While most seriously underwater rates around the country changed by less than one percentage point from the third to the fourth quarter of last year, the portion increased in 82, or 77 percent, of the 107 metro areas with enough data to analyze. Seriously underwater rates, however, remained down, year over year, in 66 percent of the metro areas analyzed.
More than 25 percent of residential mortgages seriously underwater in just 23 zip codes
Among 8,721 U.S. zip codes that had at least 2,000 homes with mortgages in the fourth quarter of 2022, there were only 23 locations where more than 25 percent of mortgaged properties were seriously underwater. Of those, seven were in Cleveland, OH, and Columbia, MO.
The top five zip codes with the largest shares of seriously underwater properties in the fourth quarter of 2022 were 65202 in Columbia, MO (73.9 percent of mortgaged homes were seriously underwater); 65203 in Columbia, MO (70.1 percent); 65201 in Columbia, MO (68.7 percent); 66441 in Junction City, KS (58.3 percent) and 10570 in Pleasantville, NY (45.1 percent).
More than 90 percent of homeowners facing foreclosure have at least some equity
Only about 234,400 homeowners were facing possible foreclosure in the fourth quarter of 2022, or just four-tenths of one percent of the 58.1 million outstanding mortgages in the U.S. Of those facing foreclosure, about 216,000, or 92 percent, had at least some equity built up in their homes.
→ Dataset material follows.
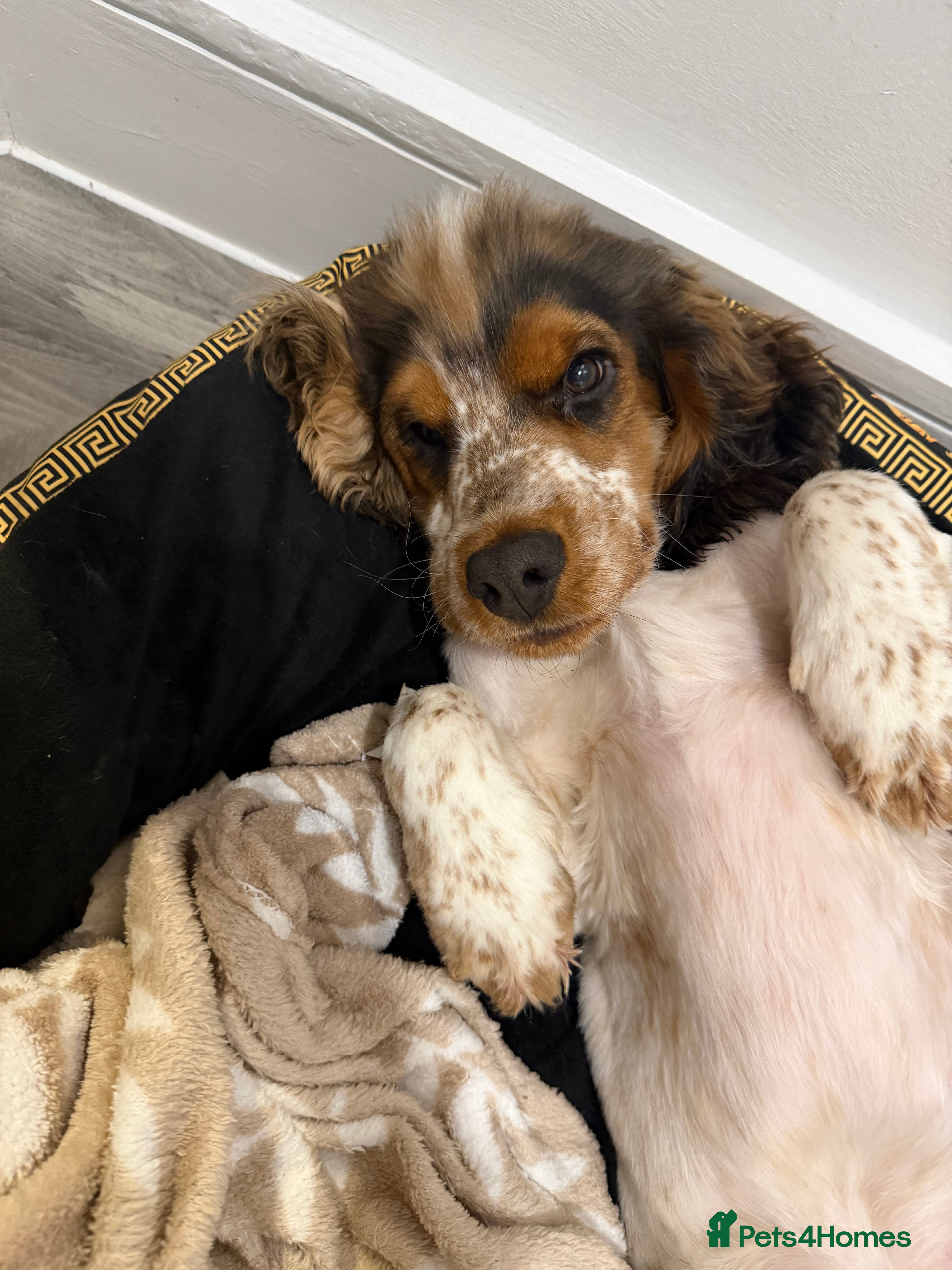 Cocker Spaniel dogs KC Show Cocker spaniel  - Advert 10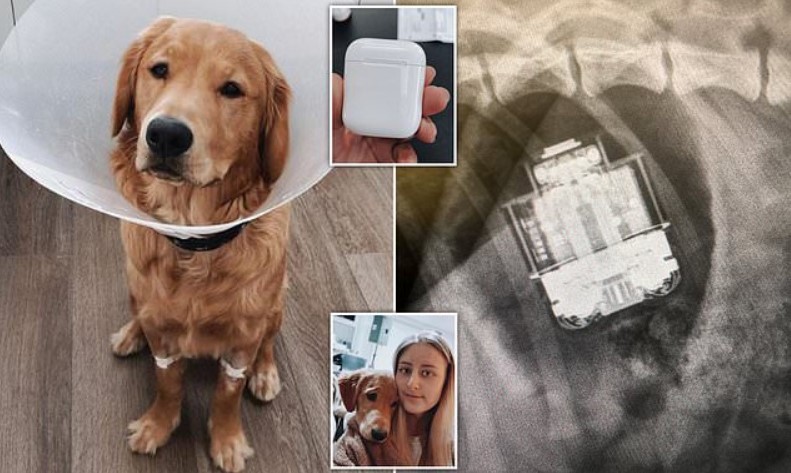Puppy Swallows a Pair of AirPods which still work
“Facing foreclosure is not nearly as impactful as it could be for the vast majority of homeowners because they have varying levels of financial cushion built up in their property,” Barber said. “That should help them either refinance mortgages, or if they have to sell, still generate a profit from all the recent price increases.”
States where the largest portion of homeowners facing possible foreclosure had equity in their properties in the fourth quarter of 2022, included Utah (98 percent with equity), Washington (97 percent), Idaho (97 percent), Colorado (96 percent) and Nevada (96 percent). States with the lowest percentages included Louisiana (82 percent with equity), Illinois (85 percent), Maryland (87 percent), North Dakota (87 percent) and Virginia (88 percent).
The ATTOM U.S. Home Equity & Underwater report provides counts of properties based on several categories of equity — or loan to value (LTV) — at the state, metro, county and zip code level, along with the percentage of total properties with a mortgage that each equity category represents. The equity/LTV is calculated based on record-level loan model estimating position and amount of loans secured by a property and a record-level automated valuation model (AVM) derived from publicly recorded mortgage and deed of trust data collected and licensed by ATTOM nationwide for more than 155 million U.S. properties. The ATTOM Home Equity and Underwater report has been updated and modified to better reflect a housing market focused on the traditional home buying process. ATTOM found that markets where investors were more prominent, they would offset the loan to value ratio due to sales involving multiple properties with a single jumbo loan encompassing all of the properties. Therefore, going forward such activity is now excluded from the reports in order to provide traditional consumer home purchase and loan activity.
Seriously underwater: Loan to value ratio of 125 percent or above, meaning the property owner owed at least 25 percent more than the estimated market value of the property.
Equity-rich: Loan to value ratio of 50 percent or lower, meaning the property owner had at least 50 percent equity.